Purtroppo la politica italiana, dall’unificazione ad oggi passando anche per la parentesi ventennale del fascismo e, persino, della liberazione (non è che la mafia in quel periodo sia stata con le mani in mano), ha oscillato tra l’interpretazione dei malanni meridionali come il semplice risultato di una cattiva amministrazione e la rassegnata contemplazione di una propensione a delinquere di tipo “quasi genetico”. L’intervento straordinario che pure ha prodotto passeggeri benefici (la forbice tra Nord e Sud ha raggiunto nel 1970 il suo livello minimo: di lì in poi si è riaperta), prima si è identificato con la scelta delle “cattedrali nel deserto”, poi con gli interventi a pioggia che hanno alimentato clientele, furbizie, malaffare e arricchito, ovviamente, la criminalità.

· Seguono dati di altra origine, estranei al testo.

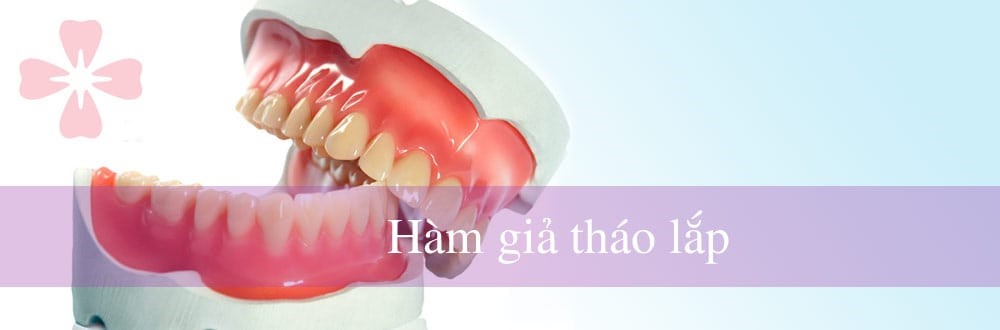 Hàm răng giả tháo lắp là gì?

Ecco perché la manifestazione di Locri potrà avere un senso concreto se oggi, uscendo dalle semplificazioni e provando a ragionare seriamente sulla rilevanza strategica per il futuro del Paese della “questione meridionale”, i governi, di qualsiasi colore, riproponessero il problema al centro dell’agenda, esattamente come avvenne subito dopo la Liberazione, semmai evitando gli errori di allora. Perché un dato è evidente: l’Italia crescerà sempre poco se un pezzo riuscirà a correre ai ritmi dell’Europa più ricca, e un altro pezzo, invece, si muoverà alla velocità dell’Africa meno povera. Il misero 0,9 di aumento del Pil è figlio di tutto questo perché prodotto da una statistica, cioè da una media.